Work instruction:
Take the line that contains "Used 2025 Lexus GX 550 AWD/4WD image 17" and all lines after it, up to and including the last line of the data, and write them out exactly; nothing else belongs in the answer.
[[ Record excerpts open ]]
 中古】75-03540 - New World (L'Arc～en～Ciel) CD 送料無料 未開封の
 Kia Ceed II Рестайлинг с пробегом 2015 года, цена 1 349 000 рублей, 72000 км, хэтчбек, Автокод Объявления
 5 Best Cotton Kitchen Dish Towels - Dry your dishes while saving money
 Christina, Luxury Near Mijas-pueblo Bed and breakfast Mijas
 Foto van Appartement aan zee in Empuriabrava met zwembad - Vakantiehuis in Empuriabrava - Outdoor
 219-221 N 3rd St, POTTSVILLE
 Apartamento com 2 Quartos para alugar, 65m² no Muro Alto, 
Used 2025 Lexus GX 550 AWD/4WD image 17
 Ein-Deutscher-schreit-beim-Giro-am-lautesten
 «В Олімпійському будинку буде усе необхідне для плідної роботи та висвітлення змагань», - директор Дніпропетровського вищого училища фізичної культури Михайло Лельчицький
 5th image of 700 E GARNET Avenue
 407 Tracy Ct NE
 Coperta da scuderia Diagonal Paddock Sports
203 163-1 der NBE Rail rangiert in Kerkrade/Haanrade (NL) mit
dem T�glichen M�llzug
[[ Record excerpts closed ]]
Result of this task:
Used 2025 Lexus GX 550 AWD/4WD image 17
 Ein-Deutscher-schreit-beim-Giro-am-lautesten
 «В Олімпійському будинку буде усе необхідне для плідної роботи та висвітлення змагань», - директор Дніпропетровського вищого училища фізичної культури Михайло Лельчицький
 5th image of 700 E GARNET Avenue
 407 Tracy Ct NE
 Coperta da scuderia Diagonal Paddock Sports
203 163-1 der NBE Rail rangiert in Kerkrade/Haanrade (NL) mit
dem T�glichen M�llzug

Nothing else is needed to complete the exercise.